InternLM/doc/code-docs/source/initialize.rst

Training Setup
==============

.. _InternLM-args:

Argument Parsing
----------------
InternLM uses the `argparse <https://docs.python.org/3/library/argparse.html>`_ library to supply commandline
configuration to the InternLM runtime. Use ``internlm.initialize.get_default_parser()`` to get InternLM's default
parser with some builtin arguments, users can add custom parameters to this parser.

.. code-block:: python

    # Get InternLM default parser
    parser = internlm.initialize.get_default_parser()
    # Add new argument
    parser.add_argument("--user_arg", type=int, default=-1, help="arguments add by user.")
    cmd_args = parser.parse_args()

.. autofunction:: internlm.initialize.get_default_parser


.. _InternLM-model-init:

Model Initialization
-------------------------

.. autofunction:: internlm.train.initialize_model

InternLM uses the field ``model_type`` and ``model`` in the config file to control model initialization process. An example model initialization configuration
can be defined as follows:

.. code-block:: python

    model_type = "INTERNLM"  # default is "INTERNLM", used to register classes and modules for model initialization
    NUM_ATTENTION_HEAD = 32
    VOCAB_SIZE = 103168
    HIDDEN_SIZE = 4096
    NUM_LAYER = 32
    MLP_RATIO = 8 / 3
    model = dict(
        checkpoint=False,  # The proportion of layers for activation aheckpointing, the optional value are True/False/[0-1]
        num_attention_heads=NUM_ATTENTION_HEAD,
        embed_split_hidden=True,
        vocab_size=VOCAB_SIZE,
        embed_grad_scale=1,
        parallel_output=True,
        hidden_size=HIDDEN_SIZE,
        num_layers=NUM_LAYER,
        mlp_ratio=MLP_RATIO,
        apply_post_layer_norm=False,
        dtype="torch.bfloat16",  # Support: "torch.float16", "torch.half", "torch.bfloat16", "torch.float32", "torch.tf32"
        norm_type="rmsnorm",
        layer_norm_epsilon=1e-5,
        use_flash_attn=True,
        num_chunks=1,  # if num_chunks > 1, interleaved pipeline scheduler is used.
    )

- The field ``model_type`` specifics the model type has been registered and to be initialized.
- The parameters in field ``model`` specific the configuration settings during model initialization.

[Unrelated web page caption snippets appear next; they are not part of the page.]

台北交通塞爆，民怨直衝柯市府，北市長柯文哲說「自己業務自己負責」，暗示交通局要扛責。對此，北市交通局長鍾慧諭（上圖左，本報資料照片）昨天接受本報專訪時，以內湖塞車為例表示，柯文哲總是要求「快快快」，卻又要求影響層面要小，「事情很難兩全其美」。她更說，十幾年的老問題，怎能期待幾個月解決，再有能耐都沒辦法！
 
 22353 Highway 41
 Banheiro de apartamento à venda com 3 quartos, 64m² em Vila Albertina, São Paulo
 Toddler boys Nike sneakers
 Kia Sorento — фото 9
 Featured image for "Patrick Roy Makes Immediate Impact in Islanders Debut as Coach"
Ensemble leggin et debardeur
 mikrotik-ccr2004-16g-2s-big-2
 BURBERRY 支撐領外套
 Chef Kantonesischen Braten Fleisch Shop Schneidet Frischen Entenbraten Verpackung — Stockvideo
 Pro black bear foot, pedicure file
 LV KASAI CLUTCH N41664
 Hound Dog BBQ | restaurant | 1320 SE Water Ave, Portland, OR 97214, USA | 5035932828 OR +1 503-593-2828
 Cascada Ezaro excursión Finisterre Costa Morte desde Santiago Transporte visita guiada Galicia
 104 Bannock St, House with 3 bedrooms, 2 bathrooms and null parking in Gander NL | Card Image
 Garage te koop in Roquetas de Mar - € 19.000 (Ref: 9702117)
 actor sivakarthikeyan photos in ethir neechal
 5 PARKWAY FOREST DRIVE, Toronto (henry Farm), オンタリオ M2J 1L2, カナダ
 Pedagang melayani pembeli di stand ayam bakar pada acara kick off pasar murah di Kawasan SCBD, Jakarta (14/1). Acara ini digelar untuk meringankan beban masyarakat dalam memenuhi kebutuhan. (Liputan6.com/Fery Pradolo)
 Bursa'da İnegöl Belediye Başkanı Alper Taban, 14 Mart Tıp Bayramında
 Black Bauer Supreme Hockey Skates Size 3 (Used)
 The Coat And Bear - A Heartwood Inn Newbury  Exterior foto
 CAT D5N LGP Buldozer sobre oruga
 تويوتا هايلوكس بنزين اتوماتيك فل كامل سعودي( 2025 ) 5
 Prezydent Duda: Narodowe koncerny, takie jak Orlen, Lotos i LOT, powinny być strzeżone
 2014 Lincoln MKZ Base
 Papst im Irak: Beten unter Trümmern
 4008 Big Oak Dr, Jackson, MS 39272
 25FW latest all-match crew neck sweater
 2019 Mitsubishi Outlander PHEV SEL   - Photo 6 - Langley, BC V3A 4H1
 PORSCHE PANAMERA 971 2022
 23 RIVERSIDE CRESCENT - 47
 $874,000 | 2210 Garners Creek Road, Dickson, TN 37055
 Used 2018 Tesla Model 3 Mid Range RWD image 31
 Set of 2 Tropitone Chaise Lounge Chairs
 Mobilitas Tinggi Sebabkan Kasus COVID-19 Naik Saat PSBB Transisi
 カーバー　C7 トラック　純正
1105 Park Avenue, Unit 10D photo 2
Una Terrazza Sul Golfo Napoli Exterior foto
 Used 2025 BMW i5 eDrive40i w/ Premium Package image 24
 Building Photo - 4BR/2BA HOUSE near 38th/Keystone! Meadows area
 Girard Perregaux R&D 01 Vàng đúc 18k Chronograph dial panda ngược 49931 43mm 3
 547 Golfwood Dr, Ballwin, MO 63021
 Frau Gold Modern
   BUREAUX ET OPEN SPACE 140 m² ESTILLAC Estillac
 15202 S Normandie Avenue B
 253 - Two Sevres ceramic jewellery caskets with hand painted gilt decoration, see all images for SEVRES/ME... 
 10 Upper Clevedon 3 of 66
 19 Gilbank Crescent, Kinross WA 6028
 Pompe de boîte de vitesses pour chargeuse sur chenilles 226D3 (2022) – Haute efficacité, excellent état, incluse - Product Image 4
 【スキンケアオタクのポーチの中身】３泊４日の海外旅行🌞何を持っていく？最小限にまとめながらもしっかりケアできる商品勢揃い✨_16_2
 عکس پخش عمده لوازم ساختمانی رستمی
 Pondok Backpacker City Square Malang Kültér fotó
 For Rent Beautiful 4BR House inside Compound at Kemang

It is worth noting that, users can define new model type, and register model's initialization function by decorater ``@MODEL_INITIALIZER.register_module``, which ``MODEL_INITIALIZER`` is an instantiated object of class ``internlm.util.registry.Registry``, the example is shown as follows.

.. code-block:: python

    MODEL_TYPE = "NEW_MODEL"

    @MODEL_INITIALIZER.register_module(module_name=MODEL_TYPE)
    def build_new_model_with_cfg(*args, **kwargs):

.. _InternLM-optim-init:

Optimizer Initialization
-------------------------

.. autofunction:: internlm.train.initialize_optimizer

.. _InternLM-dl-init:

Dataloader Initialization
-------------------------

.. autofunction:: internlm.train.get_train_data_loader

.. _InternLM-trainer-init:

Trainer Initialization
-------------------------

.. autofunction:: internlm.initialize.initialize_trainer